The goal of the survey was to measure how debt affects adults ages 18 and up, where the company learned more about the financial situation with millenials.

“Millennials are the most highly discussed or interesting group” Hamrick says. “We’re talking about people who are getting their feet planted in the workforce and in their own personal lives; they’re single or they’re married, or they’re looking to have children.”

Hamrick sat down with Ratchet+Wrench to discuss how the findings of the survey reveal how exactly student debt is affecting spending habits across the United States as well as how citizens are prioritizing expenditures.

What trends have you seen in the survey since it was previously published?

What’s interesting about the survey is that we found [how] student loan impacts are really found across a broad spectrum. For example, if you look at the percent of Americans who delayed a major financial decision because of their debt, it’s about 70 percent beginning at age 18 and stays above 70 percent all the way up to age 38—the millenials are the biggest cross section to that at 73 percent.
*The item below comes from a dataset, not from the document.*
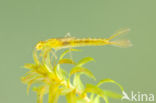 Gaffelwaterjuffer (Coenagrion scitulum)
It stays at 62 percent for Generation X, and then 50 percent at baby boomers, and 39 percent at 74 plus. It’s pretty substantial across the board.

Based on the survey, how has student loan debt affected millennials’ purchasing habits?

We know that there are some broad brushstroke assumptions being made about millennials: there are a number that prefer to live in urban environments, they prefer to use mass transit or avoid car ownership.

I also think the fact that they are—as our survey indicates—hamstrung by student loan debt, where many are having to delay things like purchasing a home, saving for retirement, saving for emergencies, buying or leasing a car, having a children or getting married—it shows that they are having to make some tough decisions about what their priorities are.


What generation is likely to own a vehicle and visit shops for service?

I would say to the degree that the older Americans are, at least up to a point, are more likely to own an automobile. We know that one path toward successful ownership of a vehicle is being at least diligent about performing appropriate maintenance.


Based off of your findings, what can shop owners learn about their customers’ financial needs today?

More recently when we did this survey, only 40 percent of the Americans told us they can cover a $1,000 emergency expense from savings. An example of an emergency expense is an unexpected $1,000 emergency expense such as a car repair or an emergency room visit.

Here we are a decade deep into the “economic expansion,” and we see these broad brushstroke statistics of the unemployment rate being low or how 200,000 jobs are being added a month, but yet, we still have this massive cross-section of the American public living paycheck-to-paycheck.

Even within the context of what’s being regarded as our strong economy, a $1,000 or more car repair will basically force people to have to borrow or take some other extraordinary means to accommodate that expense. That is a signal that probably these car owners are going to be very sensitive to costly repairs that go above their ability to take it out of savings.